- _Exercise instructions_
The lines from the one containing "1401 Village Court" through the final line of the listing below are what the answer must repeat, exactly and only, leaving pictures out.

+++ Extracted entries +++

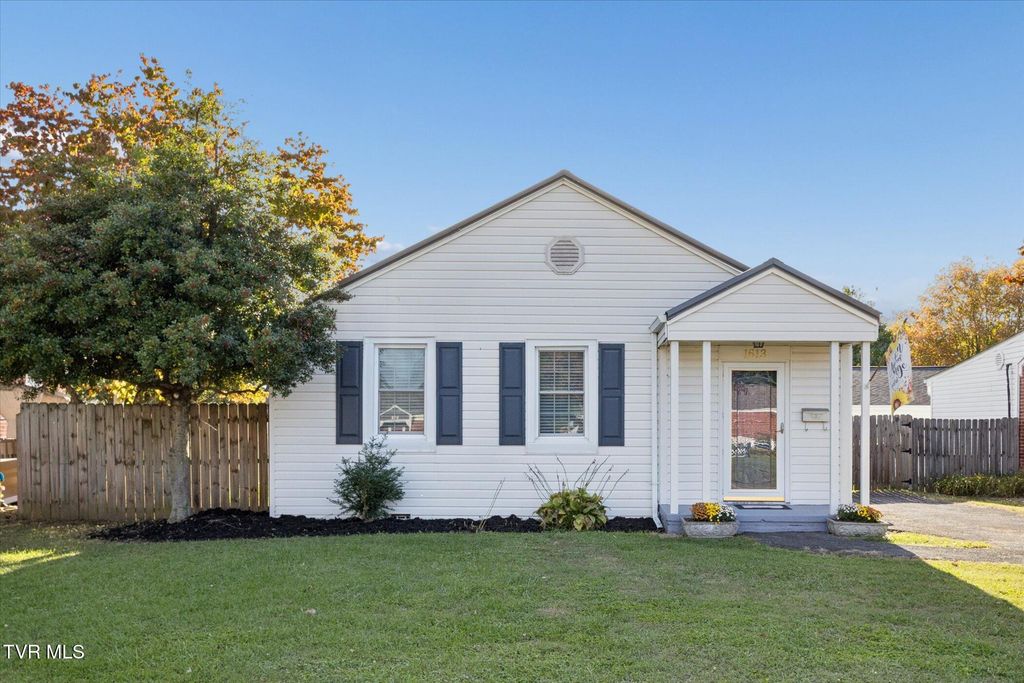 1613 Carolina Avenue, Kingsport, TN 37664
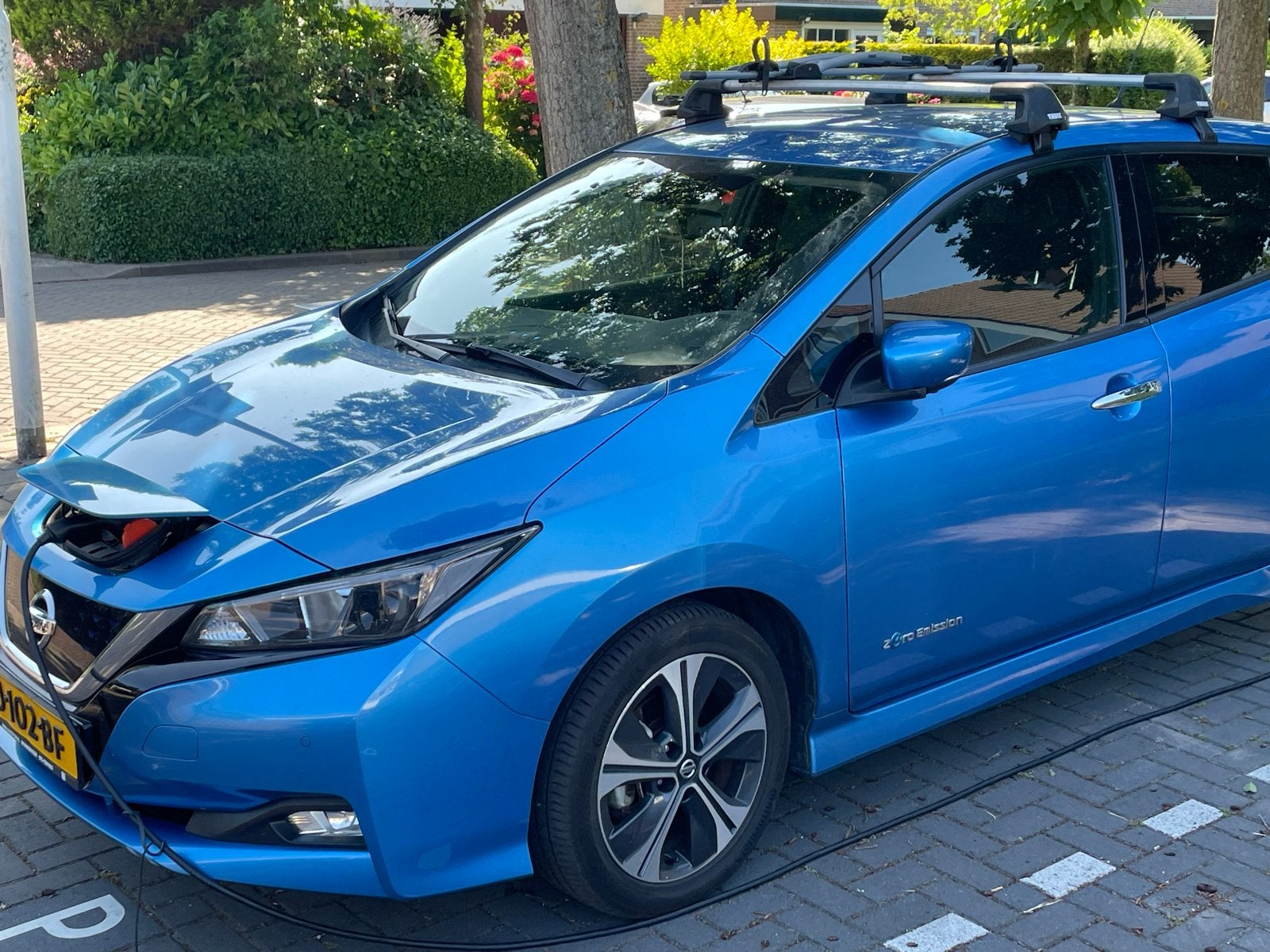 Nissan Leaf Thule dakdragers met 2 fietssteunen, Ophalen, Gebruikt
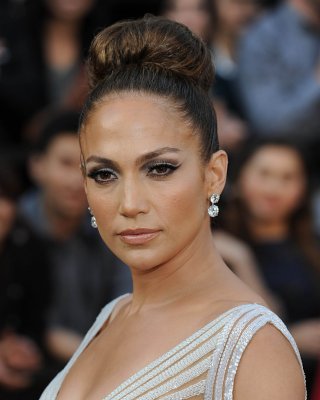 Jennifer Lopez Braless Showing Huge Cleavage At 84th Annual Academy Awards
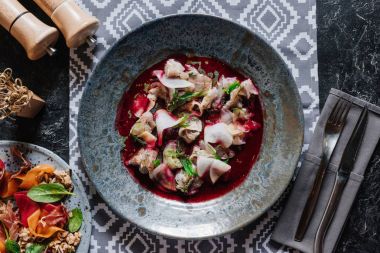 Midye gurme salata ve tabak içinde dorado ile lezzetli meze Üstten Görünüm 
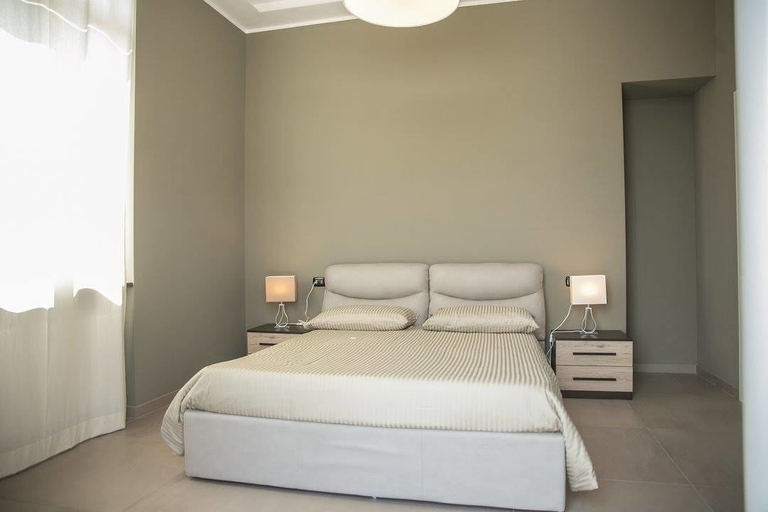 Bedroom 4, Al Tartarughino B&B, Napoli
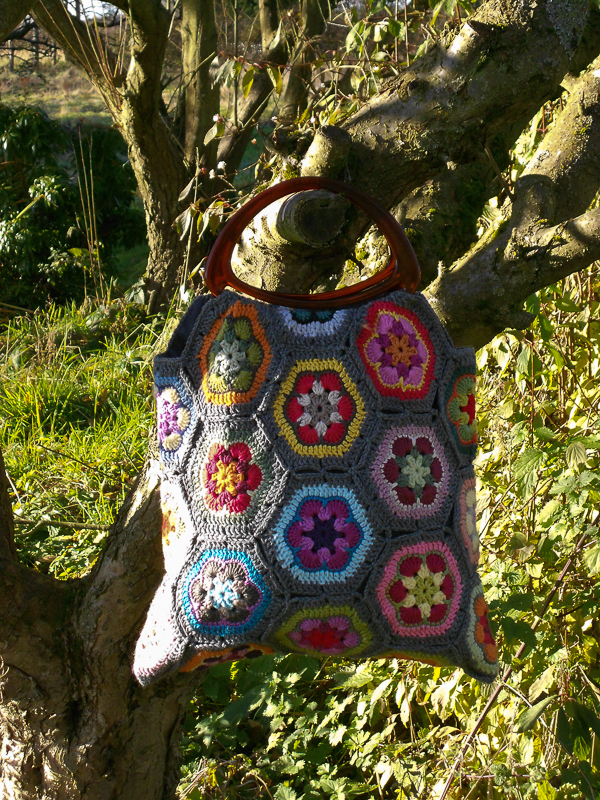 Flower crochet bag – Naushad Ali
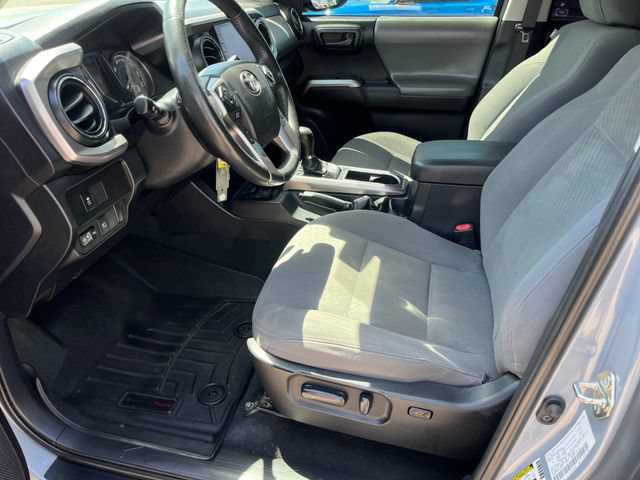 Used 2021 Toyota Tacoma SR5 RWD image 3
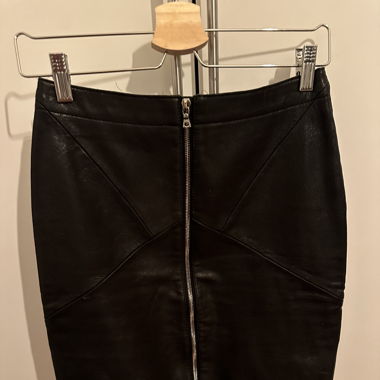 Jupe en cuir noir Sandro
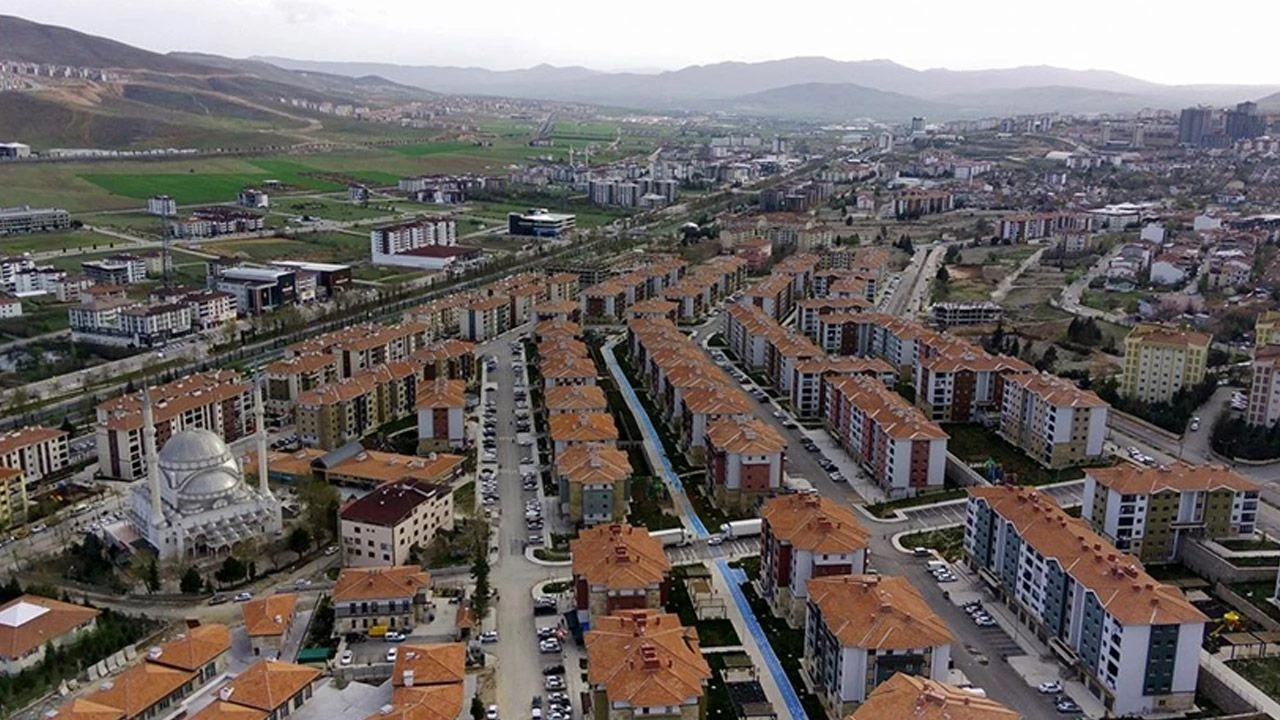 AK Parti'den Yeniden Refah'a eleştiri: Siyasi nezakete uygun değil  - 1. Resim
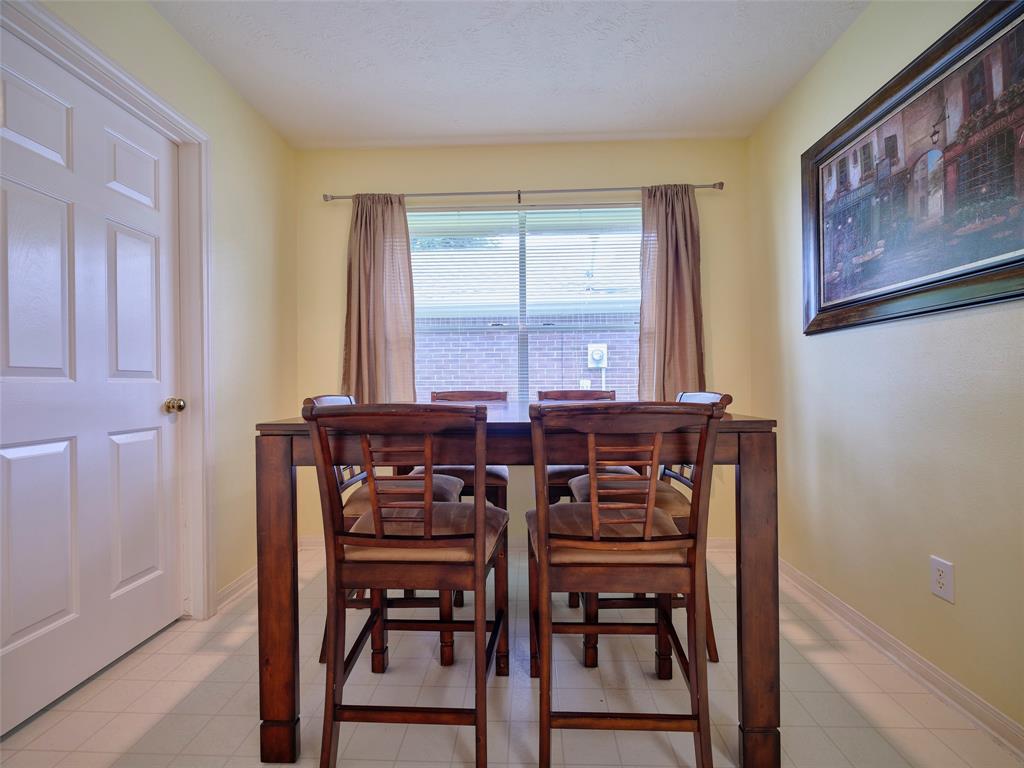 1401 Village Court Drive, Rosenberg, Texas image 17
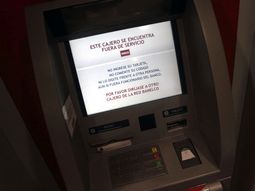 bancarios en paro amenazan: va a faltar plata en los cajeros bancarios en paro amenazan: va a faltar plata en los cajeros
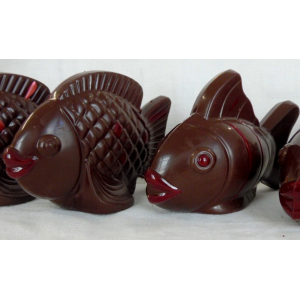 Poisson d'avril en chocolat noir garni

+++

- _Task response_
 1401 Village Court Drive, Rosenberg, Texas image 17
 bancarios en paro amenazan: va a faltar plata en los cajeros bancarios en paro amenazan: va a faltar plata en los cajeros
 Poisson d'avril en chocolat noir garni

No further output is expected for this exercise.